Former Timberwolves player Ricky Davis finds happiness in new chapter of life: Coaching
The former NBA player spent only a brief time with Minnesota but ended up settling in the state and now is head coach of Minneapolis North's storied boys basketball program.
Ricky Davis played 117 games in a Timberwolves uniform over two seasons before being traded to Miami in 2007. His time in Minnesota was brief, and he never envisioned putting down roots here once he retired from basketball.
"Not at all," he said, chuckling. "I thought it would always be LA or Miami."
Imagine the surprise then, when Minneapolis North announced last August that it had hired Davis to be head coach of its storied boys basketball program.
The reaction within the local basketball community was universal — Huh? Ricky Davis? The guy who played for the Wolves?
Yep, him. And there he was on the visitor sideline at East Ridge last week, drawing up a play in the final minute of a game that his North team would eventually lose in overtime.
"This is the next chapter," he said afterward outside the locker room.
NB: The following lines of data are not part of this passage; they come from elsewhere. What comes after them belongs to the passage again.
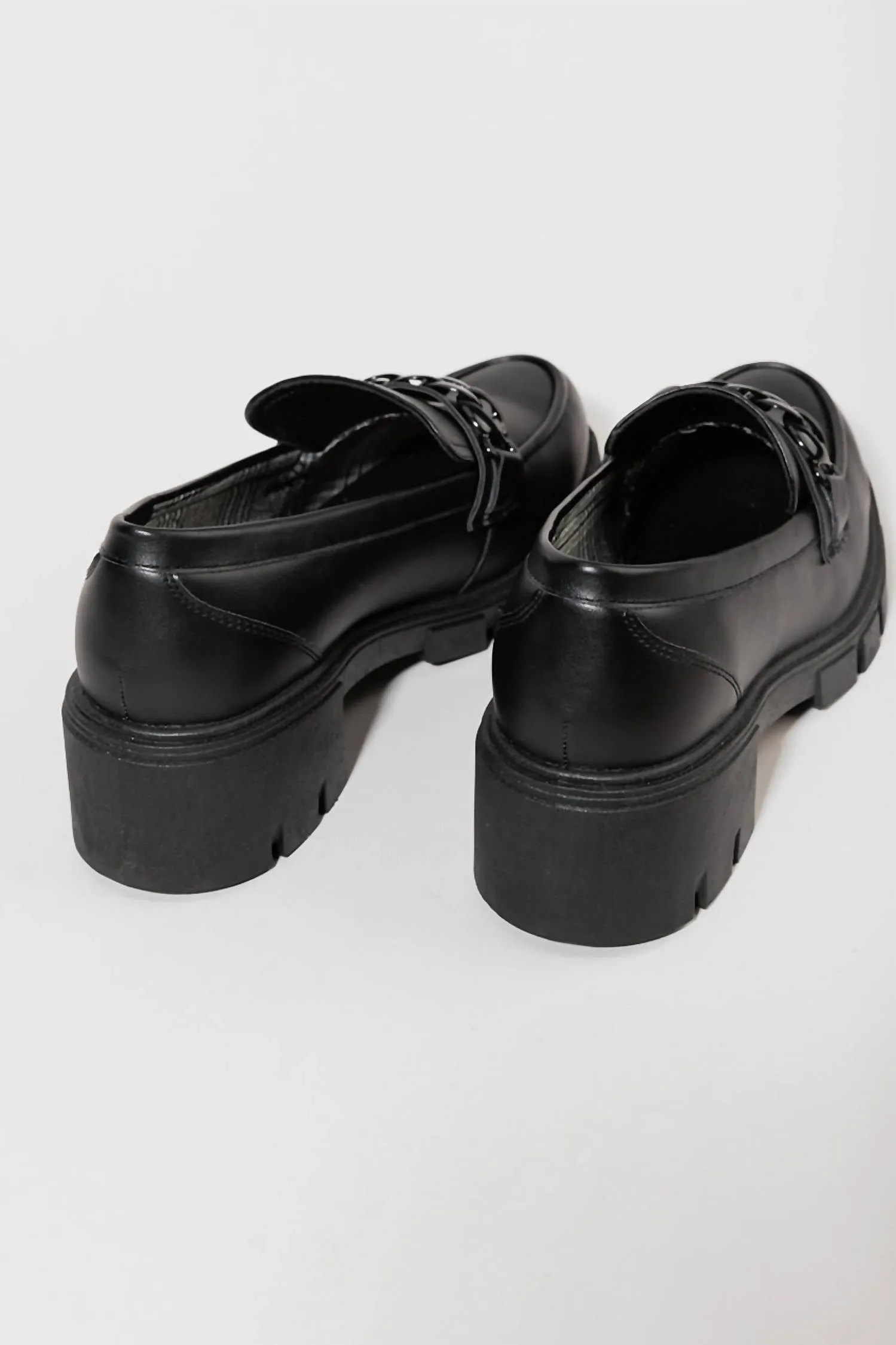 Women's Una Chunky Chain Loafer In Black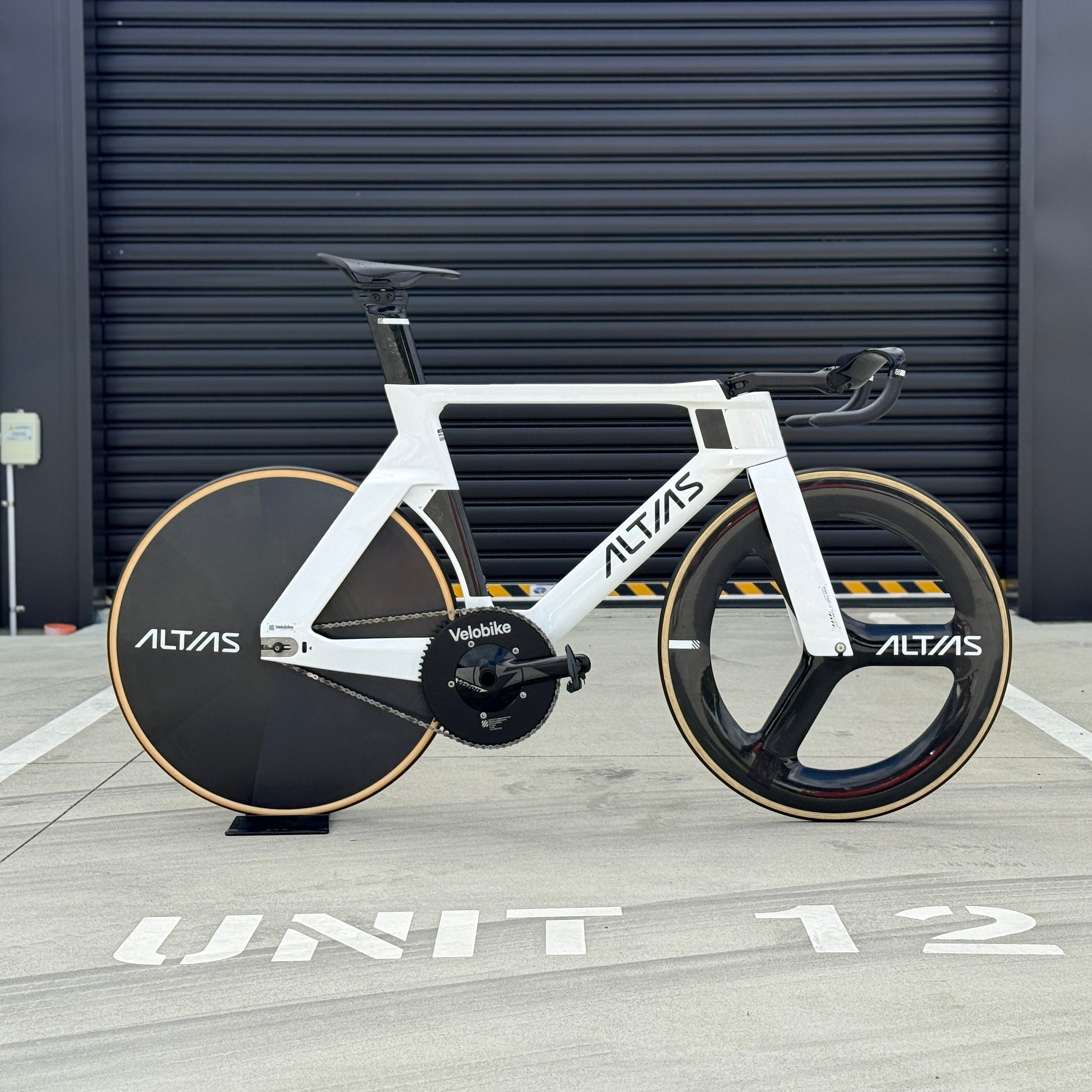 White Altias Fusion track bike with Altias Wheels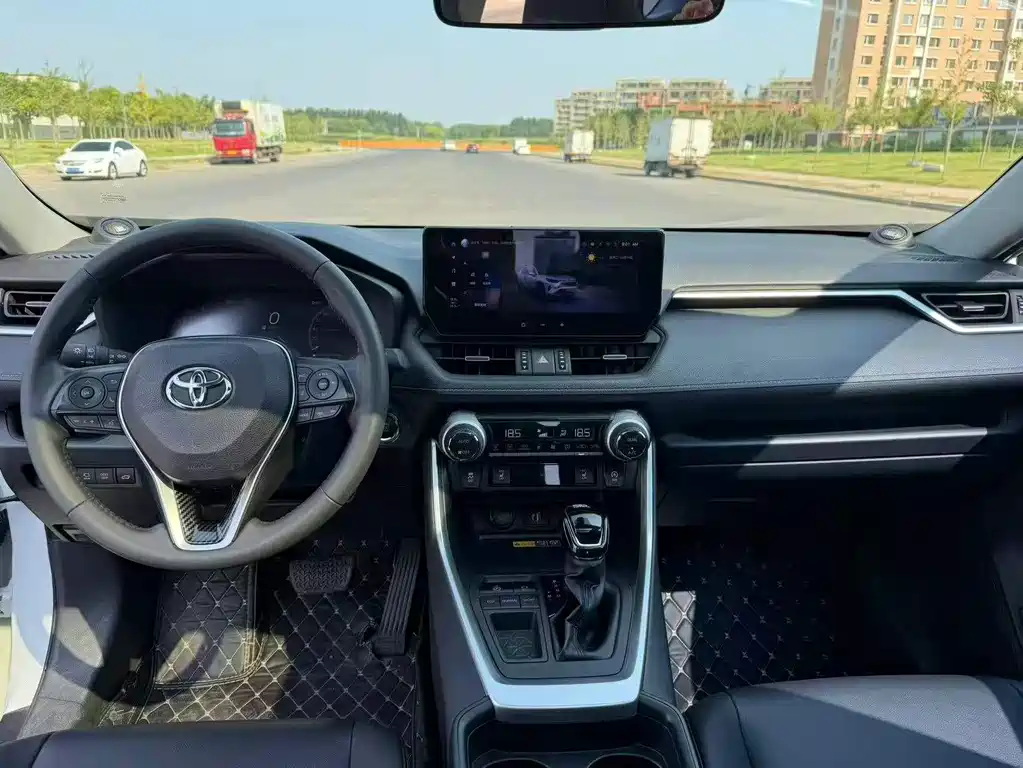 Toyota RAV4 — миниатюра 6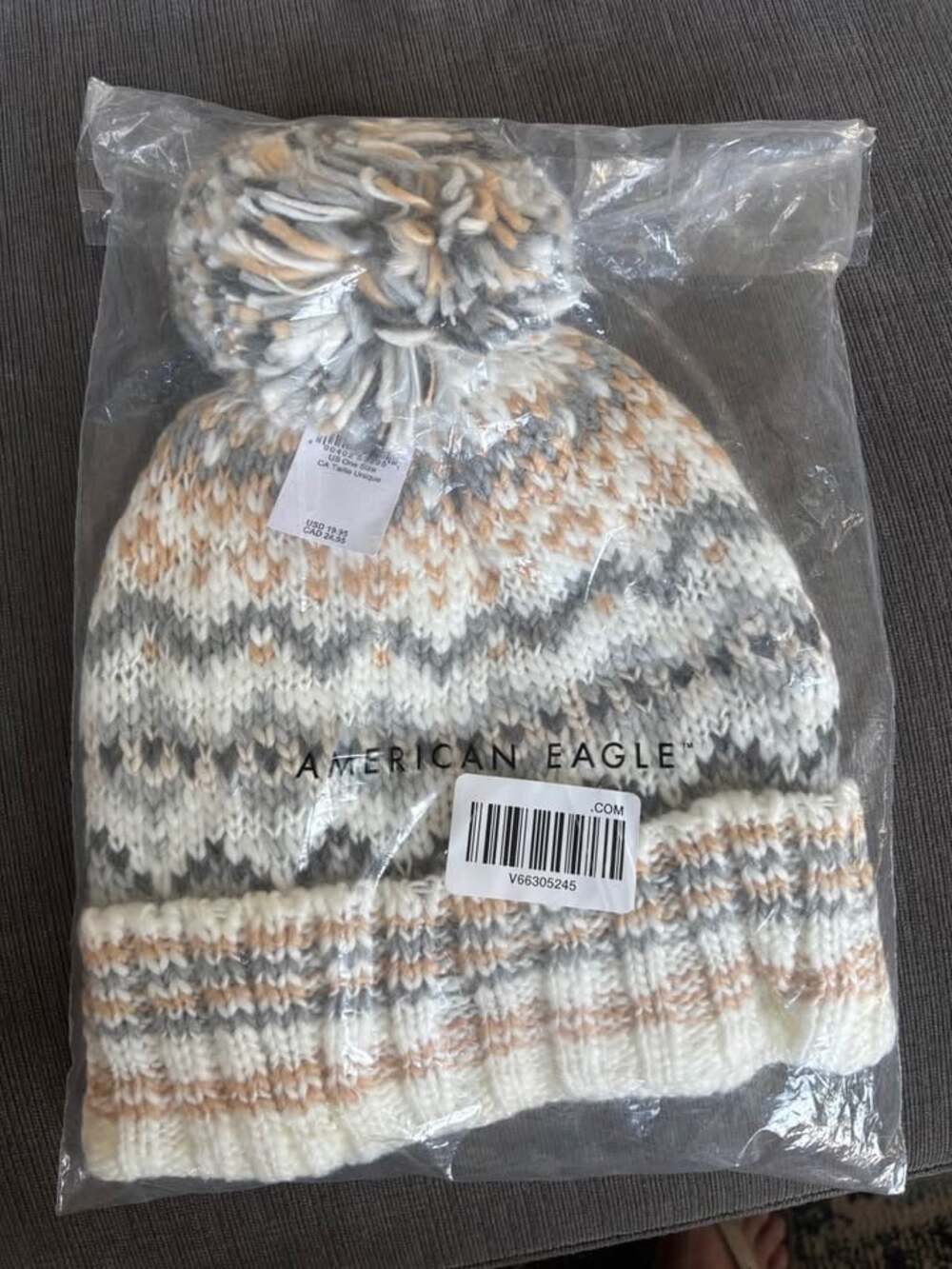 NWT American Eagle Fair Isle Knit Pom Beanie Hat Grey Cream Peach One Size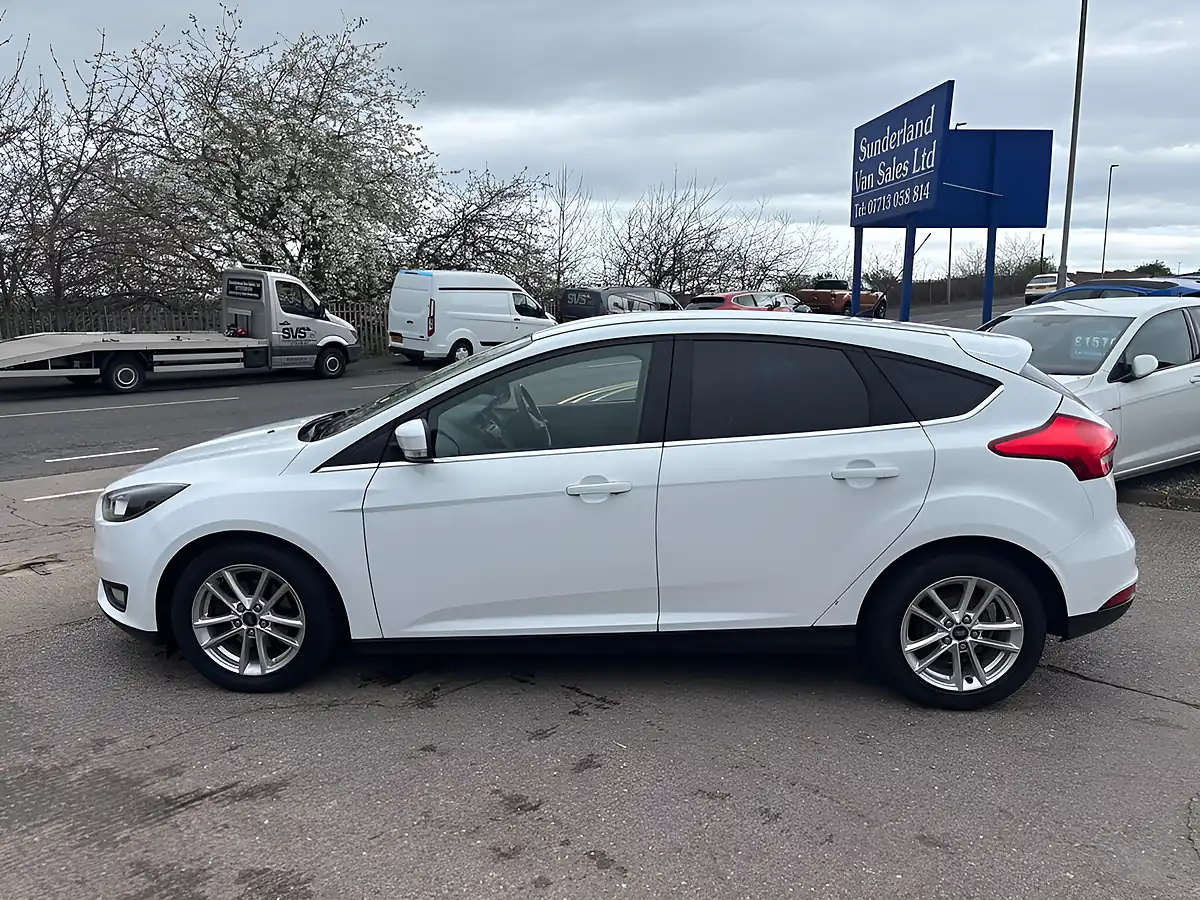 Used 2015 Ford Focus Zetec White - Interior and Exterior details 2
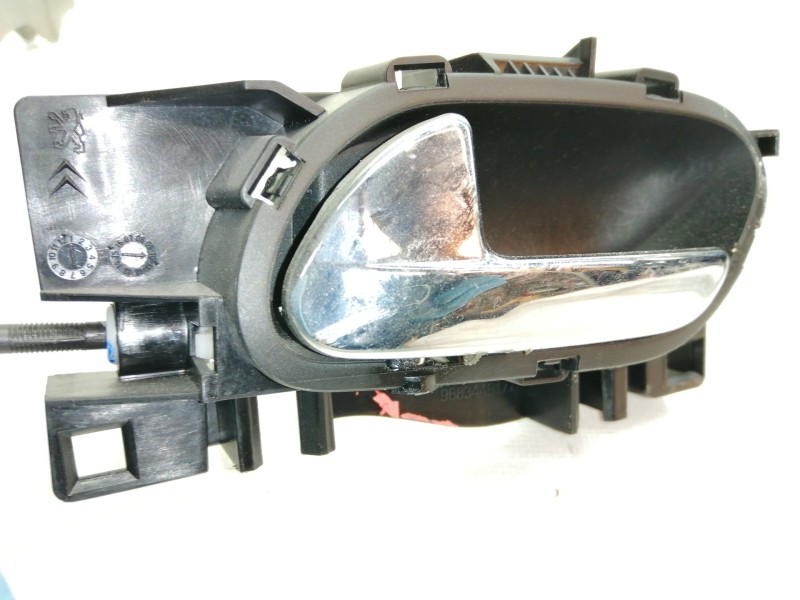 Recambio de cerradura puerta trasera izquierda para peugeot 5008 premium referencia OEM IAM A04106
The apparent randomness of this chapter turned out to be not so random after all.
Davis played his 12th and final NBA season in 2010, followed by several years of international basketball at various stops that included China, Turkey and France.
He made a home in Texas for a decade after retiring from basketball. He got involved in real estate investment, started a foundation, coached some AAU ball in the summer and found ways to stay busy while raising a family. His ties to Minnesota were always present in his life, though. Quite literally.
His wife, Siobhan, is a Minneapolis North graduate. Davis met her when he played for the Wolves, and they began dating. Davis even went to a few Polars basketball games back then.
Siobhan expressed a desire in recent years to leave Texas and return to Minneapolis to be closer to her family. When they learned that North's legendary coach Larry McKenzie had retired after last season, Davis was instantly interested and applied. He flew to town for an interview and got the job.
The public's initial reaction was bewilderment. Davis heard it.
"At first it was crazy, like, 'What are you doing here?' " he said.
He was an unconventional hire as an outsider who lacked coaching experience taking over a program that has 24 state tournament appearances overall and four championships since 1997. Whoever got the job faced the unenviable assignment of following an icon in Minnesota prep basketball.
Davis wasn't deterred.
"I'm walking into a program that is already established," he said.
He got the itch to coach after attending a coaching clinic held in conjunction with a showcase event for the top 100 high school players nationally. Davis attended those clinics for six years, then began looking for coaching opportunities.
"I just fell in love with it," he said. "I fell in love with the development of the kids."
Davis tries to impart lessons he learned from his own career. He'll jump into drills when he wants to demonstrate a point in practice. It's also a reminder to his players that he's still got it at age 43.
"He dunks on us in practice," senior guard Max Wilson said.
Davis is navigating a learning curve in this new role. He was ejected from a game in Wisconsin after receiving two technical fouls, which forced him to sit out one game.
"The learning point for me is to stay calm," he said. "I can't get myself out of character, because it trickles down to them."
The Polars improved to 13-7 after Saturday's 92-83 win at Minneapolis Henry. Winning matters to him, of course, but Davis views coaching as an all-encompassing role in helping kids prepare for adult life.
"He cares about our grades and our mental health more than anything," Wilson said. "He'll do anything for us. And we'll do anything for him."
Davis calls his players frequently to check on them, and he provides rides to and from practices and games. He has scheduled a financial advisor to talk to his players about financial literacy. He took his team to an elementary school this past week to read to students.
Davis partnered with acclaimed chef David Fhima on an event that provided food at Thanksgiving and Christmas for community members in need. Fhima prepared the meals, the Polars players delivered them.
Davis enlisted Fhima's help on another life skills experience for his players last week: a dinner etiquette class.
Fhima set up a private room in the back of his downtown Minneapolis restaurant. Players sat at a long table as staff served a meal and Fhima delivered a crash course on proper dining etiquette.
Rule No. 1: Put phones away.
"Why are we here?" Fhima said, opening the discussion. "Because we love you."
Fhima's presentation included a demonstration on how to position a knife and fork to signal to the server that the diner is finished, where to place napkins, how to tip and other table manners.
Davis observed quietly from the end of the table. He smiled and nodded as Fhima spoke passionately to the Polars players about respect, and love, and the relationship between food, the dining experience and relationships.
This is why Davis wanted to coach.
"It's more than just basketball," he said.